What to do
The output should be every line below, retyped exactly, with no images.

Dataset excerpt
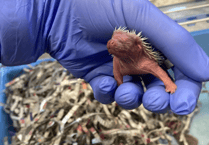 Hoglet season officially underway as ELM Wildlife welcome first litter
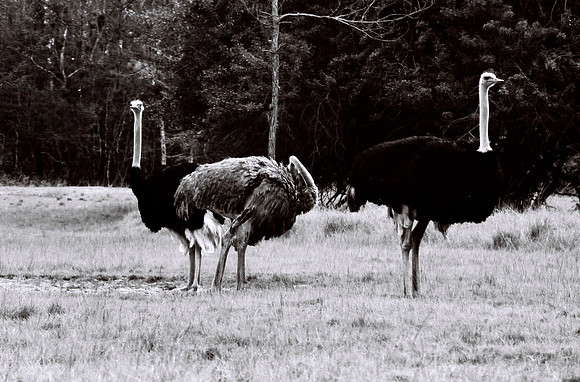 47332_FILM_BW_LIONCOUNTY_USA_FL_03_13.JPG
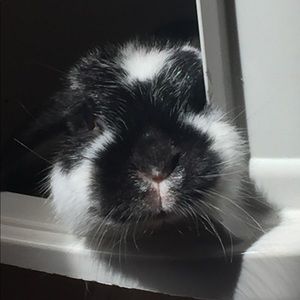 Meet your Posher, Abby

Result
 Hoglet season officially underway as ELM Wildlife welcome first litter
 47332_FILM_BW_LIONCOUNTY_USA_FL_03_13.JPG
 Meet your Posher, Abby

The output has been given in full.